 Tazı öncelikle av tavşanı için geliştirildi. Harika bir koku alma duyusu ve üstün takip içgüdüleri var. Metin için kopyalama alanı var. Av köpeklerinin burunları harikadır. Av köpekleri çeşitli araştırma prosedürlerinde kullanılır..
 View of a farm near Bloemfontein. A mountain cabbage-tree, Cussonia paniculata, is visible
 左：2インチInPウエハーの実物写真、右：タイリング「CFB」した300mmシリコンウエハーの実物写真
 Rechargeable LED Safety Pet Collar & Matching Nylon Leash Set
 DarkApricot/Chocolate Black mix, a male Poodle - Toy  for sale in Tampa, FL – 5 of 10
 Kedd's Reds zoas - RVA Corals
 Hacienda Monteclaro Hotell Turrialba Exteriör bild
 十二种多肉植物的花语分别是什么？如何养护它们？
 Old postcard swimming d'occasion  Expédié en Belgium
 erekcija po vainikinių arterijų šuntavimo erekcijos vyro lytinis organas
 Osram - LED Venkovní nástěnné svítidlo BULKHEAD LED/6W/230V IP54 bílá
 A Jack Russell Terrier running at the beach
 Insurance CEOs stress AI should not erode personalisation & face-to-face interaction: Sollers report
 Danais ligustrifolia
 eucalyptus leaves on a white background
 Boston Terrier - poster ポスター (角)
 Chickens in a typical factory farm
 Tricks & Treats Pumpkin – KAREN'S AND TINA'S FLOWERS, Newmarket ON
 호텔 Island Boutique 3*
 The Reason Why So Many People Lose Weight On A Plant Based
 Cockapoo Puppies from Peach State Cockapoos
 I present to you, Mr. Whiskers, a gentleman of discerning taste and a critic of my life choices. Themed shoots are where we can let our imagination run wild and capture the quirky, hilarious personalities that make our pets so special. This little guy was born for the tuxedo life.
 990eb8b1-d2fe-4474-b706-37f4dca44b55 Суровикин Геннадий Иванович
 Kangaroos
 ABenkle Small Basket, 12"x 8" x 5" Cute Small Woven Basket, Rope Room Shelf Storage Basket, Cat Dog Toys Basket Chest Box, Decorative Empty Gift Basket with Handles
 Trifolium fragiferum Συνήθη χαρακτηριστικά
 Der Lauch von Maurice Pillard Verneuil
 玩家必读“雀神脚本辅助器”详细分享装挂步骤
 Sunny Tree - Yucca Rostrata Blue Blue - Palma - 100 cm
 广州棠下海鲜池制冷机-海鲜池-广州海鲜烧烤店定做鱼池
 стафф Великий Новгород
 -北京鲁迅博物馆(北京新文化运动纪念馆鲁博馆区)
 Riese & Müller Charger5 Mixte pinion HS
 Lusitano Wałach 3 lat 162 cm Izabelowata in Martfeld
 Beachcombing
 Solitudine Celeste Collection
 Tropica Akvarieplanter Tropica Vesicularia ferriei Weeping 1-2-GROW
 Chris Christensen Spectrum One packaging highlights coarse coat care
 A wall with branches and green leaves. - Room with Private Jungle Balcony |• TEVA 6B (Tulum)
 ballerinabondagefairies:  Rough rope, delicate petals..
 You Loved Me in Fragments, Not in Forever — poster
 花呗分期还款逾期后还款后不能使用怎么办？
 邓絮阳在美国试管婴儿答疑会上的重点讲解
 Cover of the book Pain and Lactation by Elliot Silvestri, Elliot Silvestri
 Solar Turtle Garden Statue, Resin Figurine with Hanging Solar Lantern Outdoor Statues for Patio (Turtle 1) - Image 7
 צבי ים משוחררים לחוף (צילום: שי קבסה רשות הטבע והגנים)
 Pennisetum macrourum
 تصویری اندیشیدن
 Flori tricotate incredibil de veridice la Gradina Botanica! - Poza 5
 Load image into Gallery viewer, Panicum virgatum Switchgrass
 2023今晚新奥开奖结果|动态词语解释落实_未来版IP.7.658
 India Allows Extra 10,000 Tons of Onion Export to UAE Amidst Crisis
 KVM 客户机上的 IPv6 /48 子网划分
◆ ◆ ◆ ◆ ◆
Problem details:
Given the records above, restate word for word only the lines starting at the one with "Riese & Müller Charger5 Mixte pinion HS" and ending at the one with "A wall with".

Written response:
 Riese & Müller Charger5 Mixte pinion HS
 Lusitano Wałach 3 lat 162 cm Izabelowata in Martfeld
 Beachcombing
 Solitudine Celeste Collection
 Tropica Akvarieplanter Tropica Vesicularia ferriei Weeping 1-2-GROW
 Chris Christensen Spectrum One packaging highlights coarse coat care
 A wall with branches and green leaves. - Room with Private Jungle Balcony |• TEVA 6B (Tulum)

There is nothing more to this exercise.